El-P : Notre domaine, c'est l'humain. Il fait essayer de se connaître soi-même. Mike et moi, on est arrivé à ce point de notre vie où on ne veut plus pisser dans des violons. Grâce à lui et quelques autres, je me suis rapproché de la personne que je veux être quand je serai grand-père. It's a big deal.

Photo - Victor Michael Sentez-vous parfois de la suspicion ou du mauvais esprit dans le milieu hip hop, à propos de votre relation ?
El-P : Il y a ce sous-entendu comme quoi Mike et moi n'aurions aucune raison d'être amis. Parce qu'il est noir et que je suis blanc. Pour certains, ça cache forcément quelque chose. Je l'ai fait entrer dans le club secret des Blancs et en échange il fait semblant d'être mon pote.
Killer Mike : Exact, j'ai enfin ma carte de membre ! Hahaha.

Vous pensez que ça va peu à peu changer, ces clichés ?
Killer Mike : Je ne sais pas si les rappers vont changer. Ce que je sais, c'est qu'on rencontre des amis noirs et blancs dans tous les états où on joue.
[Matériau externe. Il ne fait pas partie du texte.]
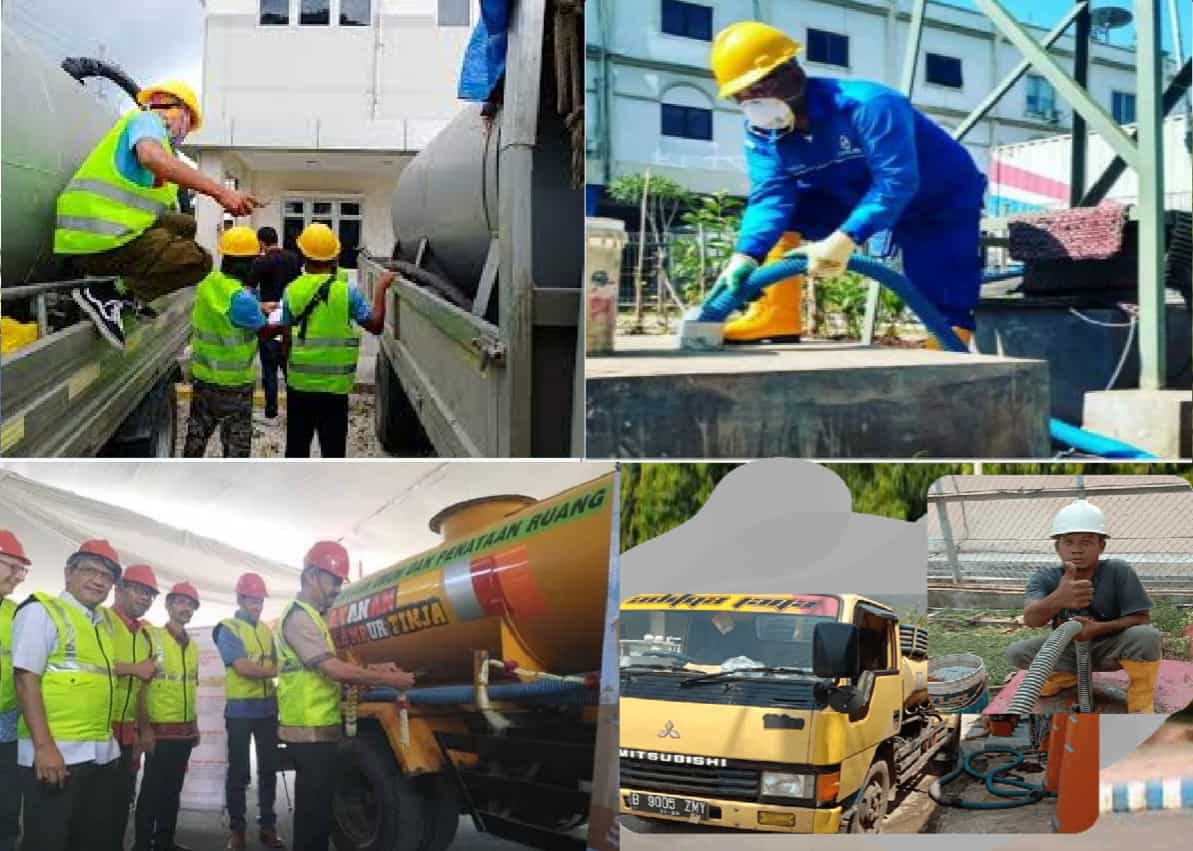 Sedot WC Peterongan Jombang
Même à Nashville. On voit des gens avec des backgrounds économiques très différents qui font la fête ensemble. Les jeunes de dix-sept ans côtoient des quarantenaires. Des filles sont au premier rang. Je sais que de bonnes choses arrivent quand des cultures différentes se réunissent. Les mauvaises choses arrivent quand tout est polarisé. On a grandi à une époque où le rap, c'était tout le monde. Mais en chemin l'idée s'est perdue. J'ai vu les Beastie Boys en concert quand j'avais douze ans, les gamins noirs et blancs étaient sur la même longueur d'onde. Ils partageaient le même toit.